East River Park to lose more trees
The $69.1 million reconstruction of East River Park between Jackson St. on the Lower East Side and E. 13th St. in the East Village will require the removal of 77 more trees, the Department of Parks and Recreation announced last week.
Despite our efforts to work around the 1,160 trees in the park, 60 were removed last April and an additional 77 will have to be removed in the fall, the department said in a report to Community Board 3.
A little more than 10 percent of the park trees, those that line the waterfront on the deteriorating platform over the East River, are in direct conflict with the excavation and reconstruction of the promenade.

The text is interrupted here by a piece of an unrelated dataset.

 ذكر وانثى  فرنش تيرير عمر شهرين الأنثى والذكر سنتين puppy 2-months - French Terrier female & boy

The design team spent 10 months examining all possible alternatives to removing the trees, but it was the only option for the safe reconstruction of the promenade. Those 137 trees will be replaced by 326 new trees and thousands of new shrubs and flowers, the report says. Moreover, the department intends to plant 603 more street trees throughout the neighborhood, beginning in the fall of 2006.

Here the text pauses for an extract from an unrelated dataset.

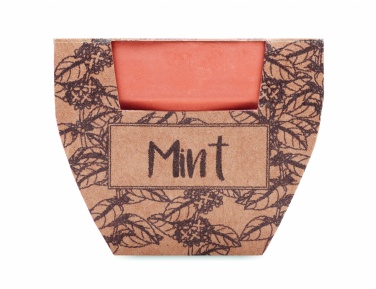 Logotrade promotional item image of: Terracotta pot mint seeds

The reconstruction project began in the spring of 2001 with an underwater inspection that found the bulkhead and platforms were not structurally sound and had to be closed to the public.
The construction began last year and is scheduled for completion in 2007. In Stage 1, Con Edison is removing an old oil line and relocating two electrical feeders. Stage 2, which began in January, involves the removal and replacement of the 75-year-old support structure and Stage 3 will be the creation of the waterfront esplanade with a soft green edge, new pavements, benches, tables and chairs, lighting, a wood-and-stainless steel railing and an expanded landscaped park perimeter.
The ballfields, tennis courts and running track, still used daily, will be closed temporarily at various times time to accommodate the reconstruction and protect the public. The closures will be posted in the park and at www.nyc.gov/parks.